Research makes your medical school application stand out, and it helps you make new acquaintances. As you harness your skills, it guarantees that during med school or after graduation, you might be able to write research papers which will set you apart from your peers. Don’t deny yourself this opportunity.. 

  1. Get a temporary job or acquire a skill

Most people who are new to their medical careers end up thinking that they should invest all their time and energy solely into this one aspect of their life if they want to excel. This can become quite overwhelming in the long run. Getting a temporary job is a splendid way of utilizing your time and supporting yourself. Getting a job will also make sure that you learn how to manage your time effectively and discipline yourself, by dividing your work hours and leisure hours. 
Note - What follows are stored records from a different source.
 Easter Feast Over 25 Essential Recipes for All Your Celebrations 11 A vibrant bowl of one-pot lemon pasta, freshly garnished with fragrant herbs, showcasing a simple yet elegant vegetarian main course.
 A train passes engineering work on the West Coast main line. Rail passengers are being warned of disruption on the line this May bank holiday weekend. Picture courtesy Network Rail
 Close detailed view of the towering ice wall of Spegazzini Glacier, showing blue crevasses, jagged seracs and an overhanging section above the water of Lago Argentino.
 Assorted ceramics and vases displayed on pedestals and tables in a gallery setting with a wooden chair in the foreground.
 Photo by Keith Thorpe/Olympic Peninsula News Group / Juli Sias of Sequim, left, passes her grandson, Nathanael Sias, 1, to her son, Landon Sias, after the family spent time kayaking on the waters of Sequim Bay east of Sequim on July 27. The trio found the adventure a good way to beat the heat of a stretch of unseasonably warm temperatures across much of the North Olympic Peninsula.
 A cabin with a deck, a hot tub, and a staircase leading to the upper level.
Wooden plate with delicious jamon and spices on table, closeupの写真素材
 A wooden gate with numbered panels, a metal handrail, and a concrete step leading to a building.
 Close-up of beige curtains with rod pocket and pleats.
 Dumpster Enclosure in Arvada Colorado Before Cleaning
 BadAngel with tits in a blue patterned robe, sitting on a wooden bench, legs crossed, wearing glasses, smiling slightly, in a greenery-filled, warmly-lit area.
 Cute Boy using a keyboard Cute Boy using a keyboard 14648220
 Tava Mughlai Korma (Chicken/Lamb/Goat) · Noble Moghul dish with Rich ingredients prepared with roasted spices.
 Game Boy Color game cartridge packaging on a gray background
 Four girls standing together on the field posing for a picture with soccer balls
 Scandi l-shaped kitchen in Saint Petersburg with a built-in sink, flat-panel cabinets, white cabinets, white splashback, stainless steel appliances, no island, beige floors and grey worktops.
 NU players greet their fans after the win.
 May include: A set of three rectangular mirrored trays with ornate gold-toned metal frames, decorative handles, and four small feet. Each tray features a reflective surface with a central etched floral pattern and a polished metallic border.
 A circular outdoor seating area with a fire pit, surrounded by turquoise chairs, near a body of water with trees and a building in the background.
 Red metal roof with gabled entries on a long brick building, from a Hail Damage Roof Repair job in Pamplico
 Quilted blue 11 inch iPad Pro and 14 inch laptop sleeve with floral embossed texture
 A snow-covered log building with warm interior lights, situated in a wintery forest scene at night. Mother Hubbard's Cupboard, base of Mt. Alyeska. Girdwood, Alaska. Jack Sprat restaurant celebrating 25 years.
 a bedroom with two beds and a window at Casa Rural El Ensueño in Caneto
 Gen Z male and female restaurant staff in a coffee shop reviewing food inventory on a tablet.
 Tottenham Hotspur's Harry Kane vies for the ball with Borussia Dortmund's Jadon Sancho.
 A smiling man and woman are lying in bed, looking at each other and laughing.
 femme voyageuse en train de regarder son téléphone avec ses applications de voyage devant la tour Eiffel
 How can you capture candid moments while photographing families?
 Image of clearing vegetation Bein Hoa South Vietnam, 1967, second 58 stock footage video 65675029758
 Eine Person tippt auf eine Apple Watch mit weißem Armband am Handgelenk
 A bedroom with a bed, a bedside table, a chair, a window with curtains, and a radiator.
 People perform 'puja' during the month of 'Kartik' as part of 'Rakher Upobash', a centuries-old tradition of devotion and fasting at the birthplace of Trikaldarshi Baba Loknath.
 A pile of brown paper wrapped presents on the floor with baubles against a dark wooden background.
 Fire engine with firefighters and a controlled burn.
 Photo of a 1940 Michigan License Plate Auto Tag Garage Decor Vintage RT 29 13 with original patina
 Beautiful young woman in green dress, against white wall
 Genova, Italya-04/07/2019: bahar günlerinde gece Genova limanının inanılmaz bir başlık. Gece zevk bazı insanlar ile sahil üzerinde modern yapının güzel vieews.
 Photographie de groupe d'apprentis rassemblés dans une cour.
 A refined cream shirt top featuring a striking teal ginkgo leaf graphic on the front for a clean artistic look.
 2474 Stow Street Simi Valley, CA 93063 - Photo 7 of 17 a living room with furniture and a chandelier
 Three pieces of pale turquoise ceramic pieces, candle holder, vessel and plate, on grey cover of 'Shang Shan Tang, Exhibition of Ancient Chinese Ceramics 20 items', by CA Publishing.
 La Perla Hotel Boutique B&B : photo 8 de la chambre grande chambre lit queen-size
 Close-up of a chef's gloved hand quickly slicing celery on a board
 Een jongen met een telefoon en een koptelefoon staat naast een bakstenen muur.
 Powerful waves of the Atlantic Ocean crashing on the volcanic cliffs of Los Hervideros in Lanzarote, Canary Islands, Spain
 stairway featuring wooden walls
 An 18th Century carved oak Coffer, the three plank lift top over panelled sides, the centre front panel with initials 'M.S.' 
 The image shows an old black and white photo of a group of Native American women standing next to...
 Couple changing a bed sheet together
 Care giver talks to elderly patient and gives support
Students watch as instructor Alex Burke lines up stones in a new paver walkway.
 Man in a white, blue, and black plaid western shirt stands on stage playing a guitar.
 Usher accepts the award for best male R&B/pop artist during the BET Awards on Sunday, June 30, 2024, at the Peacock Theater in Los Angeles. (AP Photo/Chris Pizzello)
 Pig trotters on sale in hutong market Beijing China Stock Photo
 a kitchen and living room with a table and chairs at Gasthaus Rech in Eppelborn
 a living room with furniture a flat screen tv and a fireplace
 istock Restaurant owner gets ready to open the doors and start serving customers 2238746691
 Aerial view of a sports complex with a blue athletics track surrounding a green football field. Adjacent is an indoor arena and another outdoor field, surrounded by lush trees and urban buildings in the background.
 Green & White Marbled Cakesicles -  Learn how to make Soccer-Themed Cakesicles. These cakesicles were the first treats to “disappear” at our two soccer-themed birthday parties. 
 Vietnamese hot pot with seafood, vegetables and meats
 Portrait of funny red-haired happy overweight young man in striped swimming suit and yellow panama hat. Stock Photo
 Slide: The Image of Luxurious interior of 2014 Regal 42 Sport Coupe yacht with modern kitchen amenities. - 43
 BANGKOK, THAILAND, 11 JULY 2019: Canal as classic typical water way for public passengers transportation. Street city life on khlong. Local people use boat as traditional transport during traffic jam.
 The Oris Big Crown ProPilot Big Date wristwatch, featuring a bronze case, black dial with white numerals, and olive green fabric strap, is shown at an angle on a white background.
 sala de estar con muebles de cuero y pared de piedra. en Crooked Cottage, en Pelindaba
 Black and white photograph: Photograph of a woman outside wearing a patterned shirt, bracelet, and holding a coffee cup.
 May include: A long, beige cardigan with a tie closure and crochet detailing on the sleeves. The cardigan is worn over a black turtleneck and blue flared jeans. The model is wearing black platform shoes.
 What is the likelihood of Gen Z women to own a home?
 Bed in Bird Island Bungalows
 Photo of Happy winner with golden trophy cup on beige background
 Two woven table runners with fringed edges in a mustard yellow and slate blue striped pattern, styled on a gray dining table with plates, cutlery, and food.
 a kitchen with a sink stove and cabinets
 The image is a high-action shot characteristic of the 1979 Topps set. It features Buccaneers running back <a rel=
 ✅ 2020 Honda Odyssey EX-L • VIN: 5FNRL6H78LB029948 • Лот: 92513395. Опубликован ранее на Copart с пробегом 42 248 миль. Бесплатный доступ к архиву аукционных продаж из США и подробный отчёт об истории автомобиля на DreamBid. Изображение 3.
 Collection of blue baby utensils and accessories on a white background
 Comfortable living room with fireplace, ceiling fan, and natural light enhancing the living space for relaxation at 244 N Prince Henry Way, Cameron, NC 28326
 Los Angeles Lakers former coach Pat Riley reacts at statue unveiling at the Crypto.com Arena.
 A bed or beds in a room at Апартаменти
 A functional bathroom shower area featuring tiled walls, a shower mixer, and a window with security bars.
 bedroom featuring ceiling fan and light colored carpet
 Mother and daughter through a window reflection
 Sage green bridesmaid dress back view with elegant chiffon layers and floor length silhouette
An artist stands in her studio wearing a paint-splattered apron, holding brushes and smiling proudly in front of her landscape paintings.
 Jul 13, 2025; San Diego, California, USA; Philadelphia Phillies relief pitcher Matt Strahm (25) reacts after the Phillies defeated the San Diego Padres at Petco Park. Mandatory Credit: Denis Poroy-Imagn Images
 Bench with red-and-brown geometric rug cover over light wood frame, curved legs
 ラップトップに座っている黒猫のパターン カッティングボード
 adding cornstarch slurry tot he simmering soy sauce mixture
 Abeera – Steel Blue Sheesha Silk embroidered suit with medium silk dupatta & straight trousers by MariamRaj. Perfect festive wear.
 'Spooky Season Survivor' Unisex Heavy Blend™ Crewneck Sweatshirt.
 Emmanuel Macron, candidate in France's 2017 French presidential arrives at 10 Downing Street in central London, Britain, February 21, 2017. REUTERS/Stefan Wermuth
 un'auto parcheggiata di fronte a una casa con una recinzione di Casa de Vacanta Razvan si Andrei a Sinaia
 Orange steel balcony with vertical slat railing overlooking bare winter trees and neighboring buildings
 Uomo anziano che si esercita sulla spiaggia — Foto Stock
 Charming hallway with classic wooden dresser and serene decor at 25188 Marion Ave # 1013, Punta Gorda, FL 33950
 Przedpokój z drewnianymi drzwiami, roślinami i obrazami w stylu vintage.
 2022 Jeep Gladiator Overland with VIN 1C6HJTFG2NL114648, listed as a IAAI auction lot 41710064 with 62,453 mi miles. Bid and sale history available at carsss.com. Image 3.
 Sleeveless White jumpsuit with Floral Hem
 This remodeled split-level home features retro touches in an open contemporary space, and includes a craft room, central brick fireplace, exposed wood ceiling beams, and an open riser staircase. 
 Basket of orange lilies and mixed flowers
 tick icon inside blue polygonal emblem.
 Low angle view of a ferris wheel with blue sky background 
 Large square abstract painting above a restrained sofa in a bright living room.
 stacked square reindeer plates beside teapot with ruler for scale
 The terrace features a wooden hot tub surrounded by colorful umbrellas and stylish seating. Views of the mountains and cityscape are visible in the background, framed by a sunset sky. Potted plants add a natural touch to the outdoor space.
I’ve always felt better about myself when I polish my personality by acquiring new skills. It makes me realize that I’ve made good use of my resources. I learned to play guitar during my gap year, a hobby associated with fond memories. It not only helps me to destress, but there’s always room to get better and master new skills from time to time. 

In a nutshell, your gap year could be one of the most memorable and productive years of your life. You’ll be holding the reins, steering yourself towards success, and finding contentment with a routine you’ve made yourself. James A Forde didn’t say in vain, “You cannot dream yourself into a character; you must hammer and forge yourself one.”